Personal information
- Born: October 12, 1994 (age 31) San Diego, California, U.S.
- Listed height: 5 ft 10 in (1.78 m)

Career information
- High school: Lincoln High
- College: North Alabama Grossmont College

Career history
- 2018: Toronto Argonauts*
- 2019–2021: Hamilton Tiger-Cats
- 2022–2023: Toronto Argonauts
- * Offseason or practice squad member only

Awards and highlights
- Grey Cup champion (2022);
- Stats at CFL.ca

= Maurice Carnell =

American gridiron football player (born 1994)

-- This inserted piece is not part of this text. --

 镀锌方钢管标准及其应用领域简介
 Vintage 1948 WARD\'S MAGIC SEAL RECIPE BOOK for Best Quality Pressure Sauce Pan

Maurice Carnell IV (born October 12, 1994) is an American professional football defensive back. He previously played in the Canadian Football League (CFL) for the Hamilton Tiger-Cats and Toronto Argonauts.

==University career==
Carnell first played college football for the Grossmont College Griffins from 2014 to 2015. He then transferred to the University of North Alabama to play for the Lions in 2016 and 2017. With the Lions, he played in 23 games where he had 64 tackles, six interceptions, one forced fumble, and one fumble recovery.

==Professional career==
===Toronto Argonauts (first stint)===
Carnell signed with the Toronto Argonauts on June 3, 2018, well after the team had started training camp. He played in one preseason game, but was released shortly after on June 9, 2018.

===Hamilton Tiger-Cats===
On May 2, 2019, Carnell signed with the Hamilton Tiger-Cats. Following training camp, he was added to the team's practice roster where he spent most of the 2019 season. He made his professional debut in the last game of the regular season on November 2, 2019. He was re-assigned to the practice roster for the playoffs and did not play in the team's 107th Grey Cup loss to the Winnipeg Blue Bombers. It was announced on December 19, 2019, that Carnell had re-signed with the Tiger-Cats, but did not play in 2020 due to the cancellation of the 2020 CFL season.

Carnell re-signed with the Tiger-Cats on June 29, 2021, but was released in training camp on July 19, 2021.

===Toronto Argonauts (second stint)===
On April 5, 2022, Carnell signed with the Argonauts, but was released with the final cuts on June 5, 2022. He re-signed with the team on August 9, 2022. Soon after his signing, Carnell played in his first game as an Argonaut against his former team, the Hamilton Tiger-Cats, on August 12, 2022, as a back up defensive back. In the team's next game, he started at halfback and recorded his first career interception, on August 20, 2022, against the Calgary Stampeders. He continued to start in the secondary and scored his first career touchdown on September 24, 2022, in a game against the Ottawa Redblacks, when he intercepted Caleb Evans and returned the ball 35 yards for the score. In that same game, he also recorded his first multiple interception game since he had picked off Nick Arbuckle earlier in the game.

Carnell sat out the entire 2023 season due to injury. He returned in 2024, but was part of the final training camp cuts on June 1, 2024.

==Personal life==
Carnell was born to parents Johnisha Carnell and Maurice Carnell III. He has two brothers and one sister.